Data extracted from a collection:
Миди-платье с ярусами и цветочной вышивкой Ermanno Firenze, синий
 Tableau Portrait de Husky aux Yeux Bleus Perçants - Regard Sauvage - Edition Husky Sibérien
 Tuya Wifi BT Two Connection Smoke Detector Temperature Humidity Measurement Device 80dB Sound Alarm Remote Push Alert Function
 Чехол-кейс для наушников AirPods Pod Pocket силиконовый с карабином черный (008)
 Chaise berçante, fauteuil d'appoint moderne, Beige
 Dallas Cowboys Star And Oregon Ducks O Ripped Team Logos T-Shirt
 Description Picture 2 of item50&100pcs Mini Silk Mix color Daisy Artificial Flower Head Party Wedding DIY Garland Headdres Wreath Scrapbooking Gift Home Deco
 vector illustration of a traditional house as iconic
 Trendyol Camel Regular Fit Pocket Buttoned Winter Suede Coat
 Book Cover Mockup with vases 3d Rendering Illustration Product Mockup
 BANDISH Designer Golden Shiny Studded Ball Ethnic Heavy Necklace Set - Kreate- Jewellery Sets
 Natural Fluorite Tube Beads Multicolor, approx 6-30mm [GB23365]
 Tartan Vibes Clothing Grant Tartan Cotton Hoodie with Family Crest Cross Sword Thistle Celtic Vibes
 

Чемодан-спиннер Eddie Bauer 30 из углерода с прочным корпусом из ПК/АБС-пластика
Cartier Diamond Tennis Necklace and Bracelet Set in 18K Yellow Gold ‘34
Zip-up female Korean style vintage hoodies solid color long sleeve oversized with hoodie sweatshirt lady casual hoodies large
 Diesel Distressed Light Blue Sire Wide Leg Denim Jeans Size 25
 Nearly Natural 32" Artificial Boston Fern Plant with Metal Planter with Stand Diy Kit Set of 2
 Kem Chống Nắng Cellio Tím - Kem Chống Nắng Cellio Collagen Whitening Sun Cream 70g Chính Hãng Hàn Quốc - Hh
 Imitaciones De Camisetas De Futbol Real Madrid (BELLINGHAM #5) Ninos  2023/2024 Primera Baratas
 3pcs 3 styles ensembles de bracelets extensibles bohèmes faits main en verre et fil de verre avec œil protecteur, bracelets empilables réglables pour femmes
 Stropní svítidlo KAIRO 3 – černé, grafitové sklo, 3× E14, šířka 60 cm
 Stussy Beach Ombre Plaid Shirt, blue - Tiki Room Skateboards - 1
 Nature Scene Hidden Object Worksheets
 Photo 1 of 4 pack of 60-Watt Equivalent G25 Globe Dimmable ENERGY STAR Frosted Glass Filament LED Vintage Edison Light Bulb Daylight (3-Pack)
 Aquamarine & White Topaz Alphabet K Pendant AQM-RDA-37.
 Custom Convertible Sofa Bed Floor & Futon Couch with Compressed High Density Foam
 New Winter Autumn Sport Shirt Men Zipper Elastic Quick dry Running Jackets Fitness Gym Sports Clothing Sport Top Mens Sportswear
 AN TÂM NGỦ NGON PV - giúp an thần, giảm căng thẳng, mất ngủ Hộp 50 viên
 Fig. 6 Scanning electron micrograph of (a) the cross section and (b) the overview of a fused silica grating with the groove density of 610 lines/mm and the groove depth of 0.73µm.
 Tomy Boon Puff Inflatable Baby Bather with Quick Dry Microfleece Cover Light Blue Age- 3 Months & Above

ASSIGNED TASK:
Begin at the line containing "Aquamarine & White" and reproduce each line through the end of the records above.

WRITTEN ANSWER:
 Aquamarine & White Topaz Alphabet K Pendant AQM-RDA-37.
 Custom Convertible Sofa Bed Floor & Futon Couch with Compressed High Density Foam
 New Winter Autumn Sport Shirt Men Zipper Elastic Quick dry Running Jackets Fitness Gym Sports Clothing Sport Top Mens Sportswear
 AN TÂM NGỦ NGON PV - giúp an thần, giảm căng thẳng, mất ngủ Hộp 50 viên
 Fig. 6 Scanning electron micrograph of (a) the cross section and (b) the overview of a fused silica grating with the groove density of 610 lines/mm and the groove depth of 0.73µm.
 Tomy Boon Puff Inflatable Baby Bather with Quick Dry Microfleece Cover Light Blue Age- 3 Months & Above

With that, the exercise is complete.